Demand for financial advice remains strong among younger Australians even as accessibility continues to be an issue, with renewed calls from CALI to address this.

New research from the Council of Australian Life Insurers (CALI) revealed that around half (49 per cent) of Australians between 18 and 35 want financial advice; however, just one in 10 (11 per cent) actually receive it.

Demand for risk advice is particularly strong among this younger demographic, with 57 per cent saying they want more personalised advice that helps them decide how much cover they need.

Comparatively, just 16 per cent said they only want basic information.

Looking deeper, the research found that changes in financial circumstances, witnessing a loved one face illness, and experiencing their own health challenges are common triggers for considering life insurance.

Even so, access continues to be a challenge, driving many young people to other, potentially problematic, sources of information.

In particular, they are turning to friends and family (41 per cent), social media (20 per cent) and online forums (34 per cent) for assistance, all of which can be rife with misinformation.

 
 

“Instead of getting help from a qualified adviser, younger Australians are piecing together advice from friends, Google searches and TikTok videos; sources that aren’t always accurate, tailored or in their best interests,” CALI said.

This, CALI chief executive Christine Cupitt suggested, is where the Delivering Better Financial Outcomes reforms come in, making it critical that the progress of this legislation stays on track.

“We have a growing generation of Australians who are motivated to make smart financial decisions, but for many, professional advice is out of reach,” Cupitt said.

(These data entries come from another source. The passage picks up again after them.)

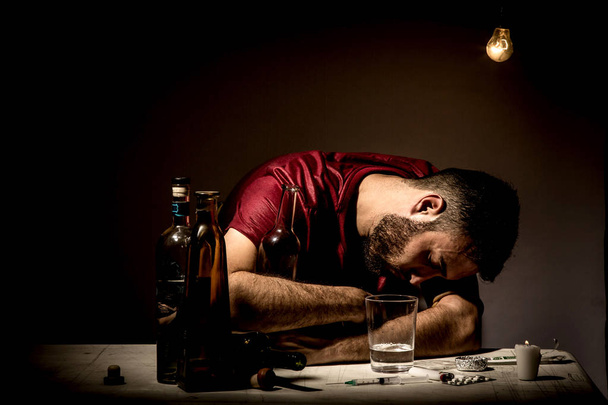 Young man with beard, lost in the vices of alcoholism, smoking and drug addiction - Foto, Imagen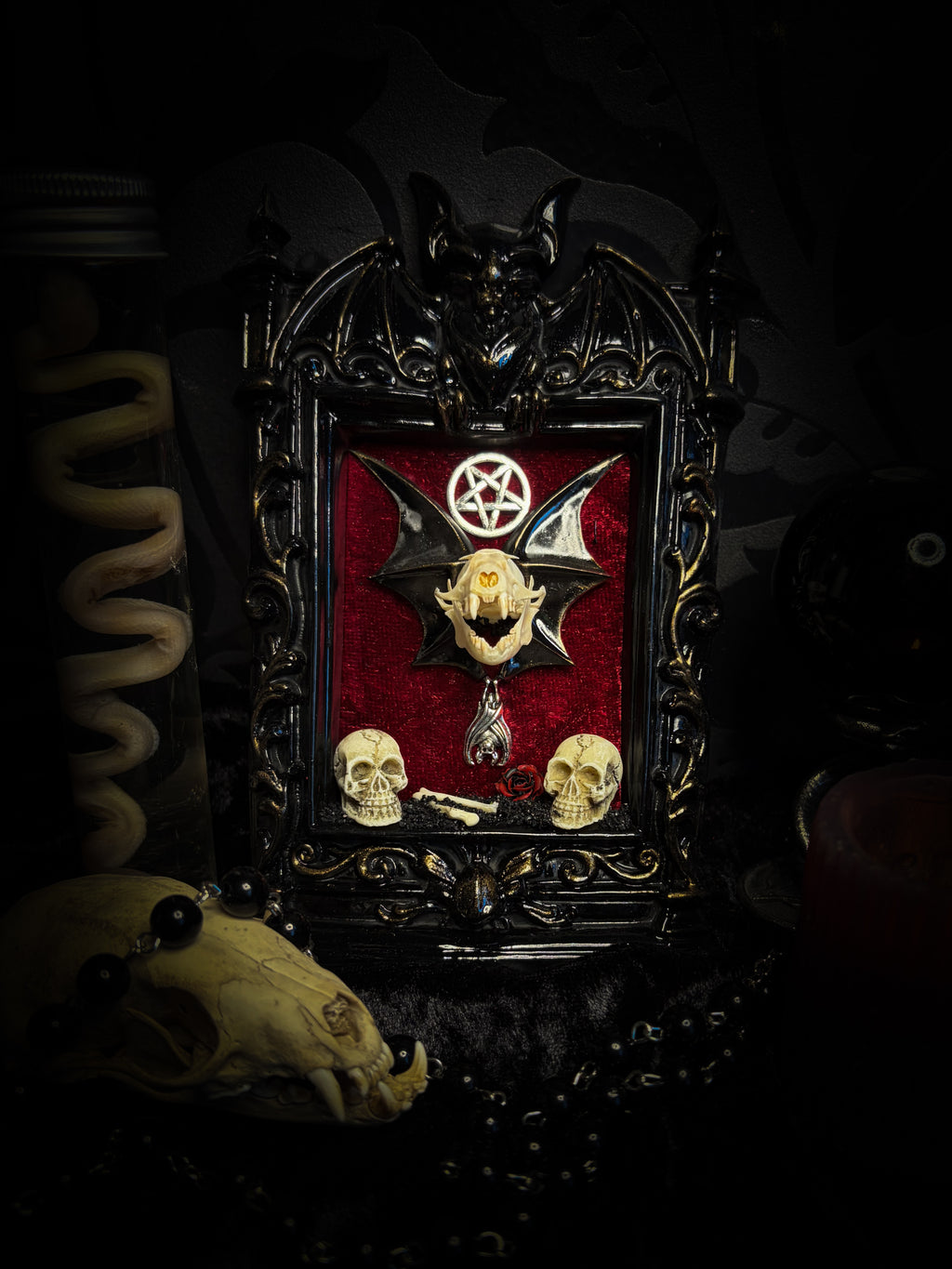 Crimson Ritual — handmade gothic wall relic, ready to ship. Real bat skull with hand-cast wings on crimson crushed velvet in black and gold frame with sculpted bat, ornamental skulls, wax rose and pentagram details. One-of-a-kind dark decor, 16x11cm.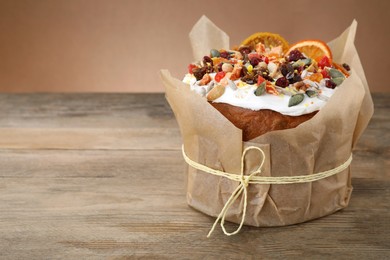 Traditional Easter cake with dried fruits on wooden table, space for text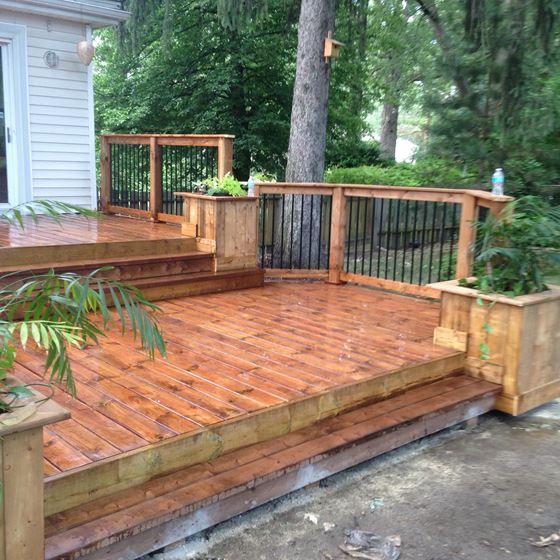 a wooden deck with planters on it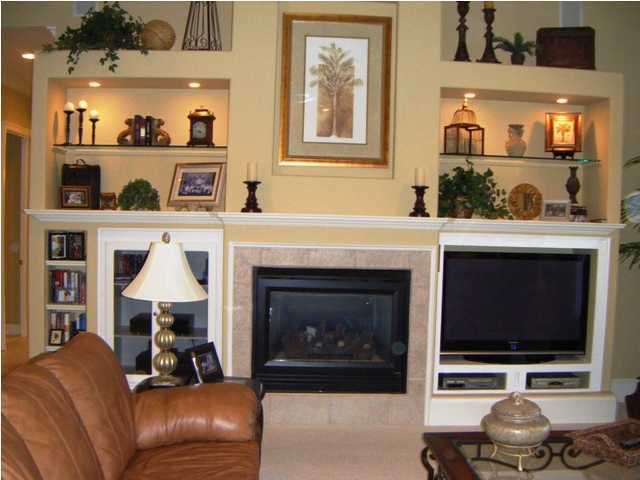 2913 Pine Valley Road Miramar Beach, FL 32550 - Photo 5 of 24 a living room with furniture and a fireplace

“The federal government’s introduction of a new class of adviser would be a win-win for all Australians by increasing access to advice while providing a clear pathway for those looking to enter the advice industry.”

Under the current legislation, life insurers are unable to provide personal advice to customers.

However, the proposed legislation would open the door for a new class of advisers who, in theory, could operate out of institutions such as life insurance providers to deliver guidance to customers, expanding the accessibility of financial advice.

“Younger Australians deserve support and advice to build the right safety net and have peace of mind about their future. We welcome the government’s commitment to reform, but action is needed now to close the gap between demand and delivery of financial advice,” Cupitt said.

Last week, CPA Australia also raised the alarm on the importance of clearing up red tape, making financial advice more accessible, saying millions of Australians on the cusp of retirement are at risk of making questionable investment decisions.

The association said unless urgent action is taken to reverse the increasing shortage of advisers, many Australians will start their retirements without receiving the professional advice they need to ensure they have secure and reliable retirement incomes.

Richard Webb, CPA Australia’s superannuation lead, said a “mountain of red tape” is a key contributor to financial advisers quitting the profession.

“More than 2.5 million Australians will retire in the next decade – and many will be shocked to discover there are fewer than 15,300 professional financial advisers to assist them with some of the biggest decisions of their lives,” Webb said.

“With the increasing propensity of retirees to leave their super funds and seek higher investment returns through risky investments, expert financial advice is needed now more than ever.”

He has also recommended the government prioritise clarifying the role of the new class of adviser.

“Investing retirement savings is complex and carries with it intricate tax and super settings, asset tests and administrative burdens, however, getting the right advice is only becoming harder to find and more expensive,” Webb said.

“The federal government must take action to help alleviate the burden of regulation and costs faced by advisers before the shortage becomes an irreversible crisis.”